> Task directions:
Please output exactly the run of lines that starts at the line with "Brass saddles natural" and ends at the last line of the records below.

Source data
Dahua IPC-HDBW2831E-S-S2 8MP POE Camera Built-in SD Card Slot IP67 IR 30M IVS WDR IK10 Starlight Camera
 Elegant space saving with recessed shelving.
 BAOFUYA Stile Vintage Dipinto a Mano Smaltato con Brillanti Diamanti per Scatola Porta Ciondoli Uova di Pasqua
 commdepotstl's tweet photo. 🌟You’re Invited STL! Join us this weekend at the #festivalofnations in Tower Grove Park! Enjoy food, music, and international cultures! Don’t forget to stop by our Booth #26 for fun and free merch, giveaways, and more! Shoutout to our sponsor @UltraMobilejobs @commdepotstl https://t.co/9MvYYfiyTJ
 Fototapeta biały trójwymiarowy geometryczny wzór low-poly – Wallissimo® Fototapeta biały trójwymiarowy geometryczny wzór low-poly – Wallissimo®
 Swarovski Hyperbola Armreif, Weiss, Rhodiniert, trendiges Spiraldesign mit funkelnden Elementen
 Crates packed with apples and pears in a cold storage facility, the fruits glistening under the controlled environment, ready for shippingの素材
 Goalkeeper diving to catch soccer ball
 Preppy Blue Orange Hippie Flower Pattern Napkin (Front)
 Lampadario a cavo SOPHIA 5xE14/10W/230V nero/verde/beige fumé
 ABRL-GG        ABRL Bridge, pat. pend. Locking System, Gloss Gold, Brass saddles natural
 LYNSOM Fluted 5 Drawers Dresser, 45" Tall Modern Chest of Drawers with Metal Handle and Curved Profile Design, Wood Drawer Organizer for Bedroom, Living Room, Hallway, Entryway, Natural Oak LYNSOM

> Answer space:
 ABRL-GG        ABRL Bridge, pat. pend. Locking System, Gloss Gold, Brass saddles natural
 LYNSOM Fluted 5 Drawers Dresser, 45" Tall Modern Chest of Drawers with Metal Handle and Curved Profile Design, Wood Drawer Organizer for Bedroom, Living Room, Hallway, Entryway, Natural Oak LYNSOM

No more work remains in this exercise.